**What to work on:**
Omitting all images, give the entries that follow again exactly as they read.

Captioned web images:

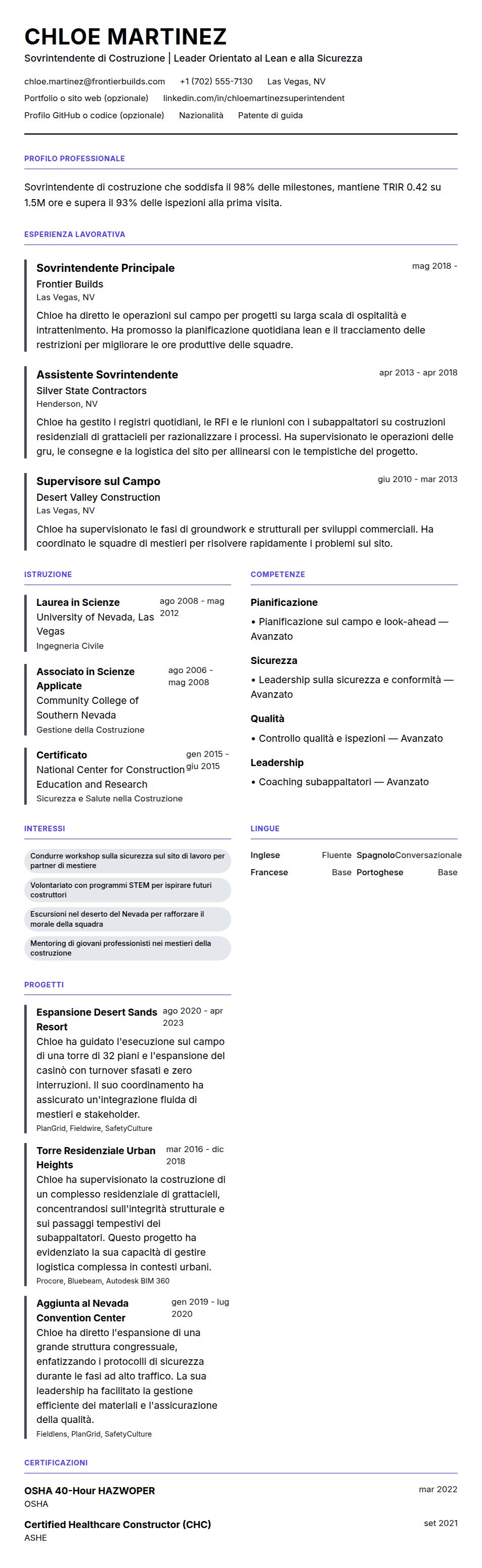 Esempio di Curriculum Sovrintendente di Costruzione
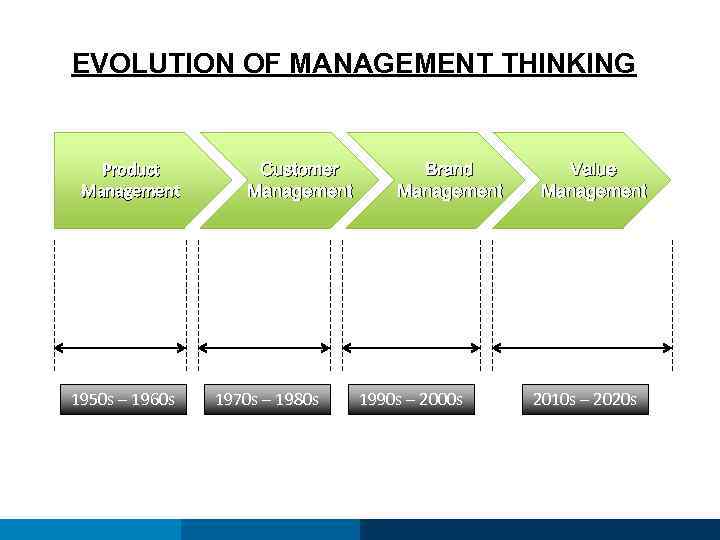 EVOLUTION OF MANAGEMENT THINKING Product Management 1950 s – 1960 s Customer Management 1970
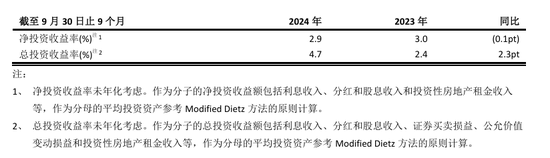 70后首席投资官苏罡内部晋升副总裁！中国太保三季度净利超380亿元 寿险新单重拾升势  第3张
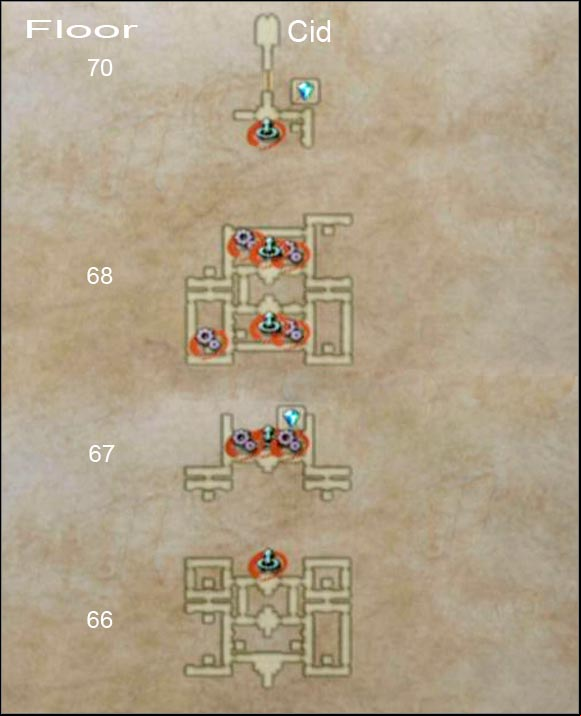 Cogs shows the position of devices used for opening the door and the arrows pointing up shows the positions of elevators. - Draklor Laboratory | Part II - Part II - Final Fantasy XII Game Guide
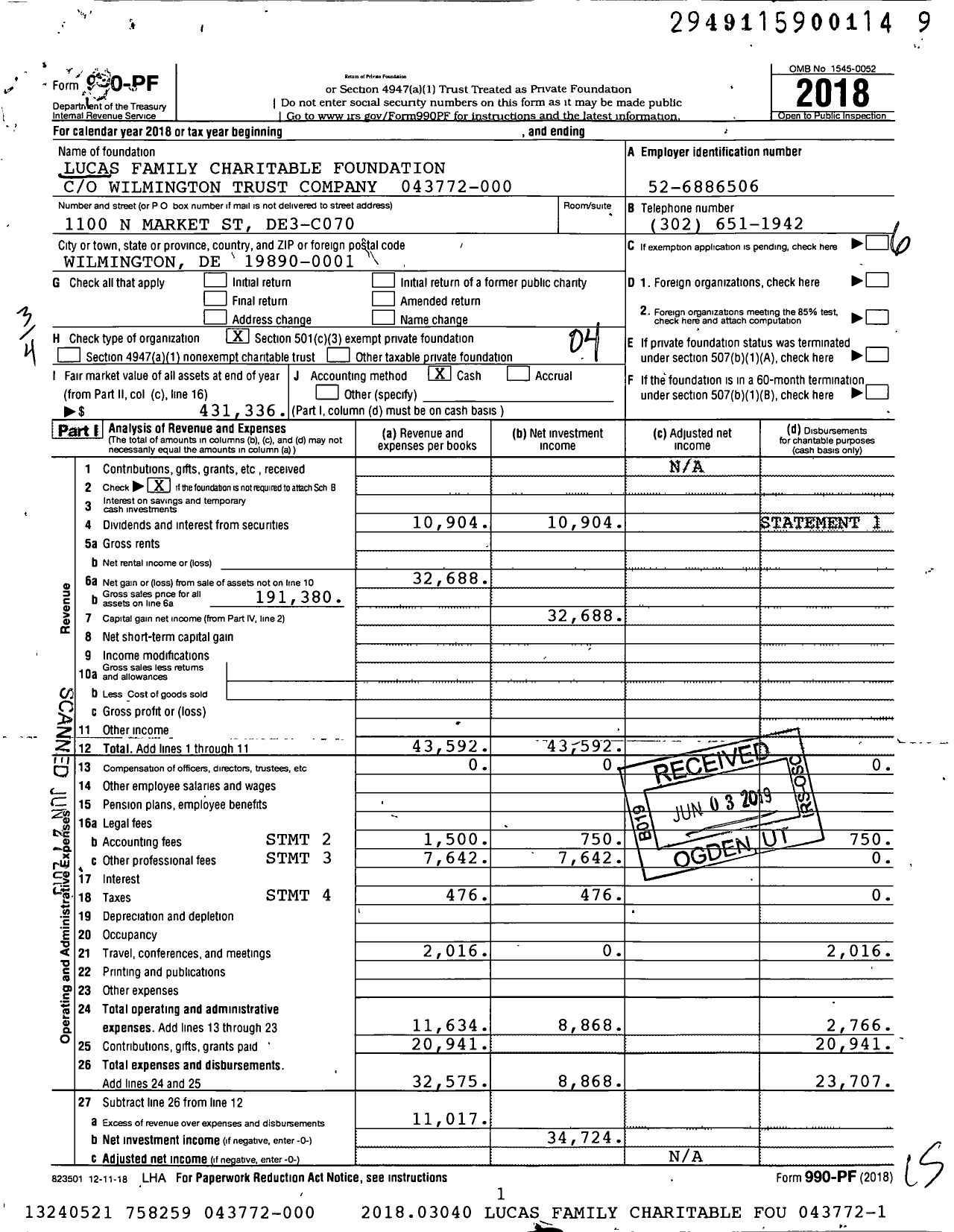 Image of first page of 2018 Form 990PF for Lucas Family Charitable Foundation 043772-000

**Task solution:**
 Esempio di Curriculum Sovrintendente di Costruzione
 EVOLUTION OF MANAGEMENT THINKING Product Management 1950 s – 1960 s Customer Management 1970
 70后首席投资官苏罡内部晋升副总裁！中国太保三季度净利超380亿元 寿险新单重拾升势  第3张
 Cogs shows the position of devices used for opening the door and the arrows pointing up shows the positions of elevators. - Draklor Laboratory | Part II - Part II - Final Fantasy XII Game Guide
 Image of first page of 2018 Form 990PF for Lucas Family Charitable Foundation 043772-000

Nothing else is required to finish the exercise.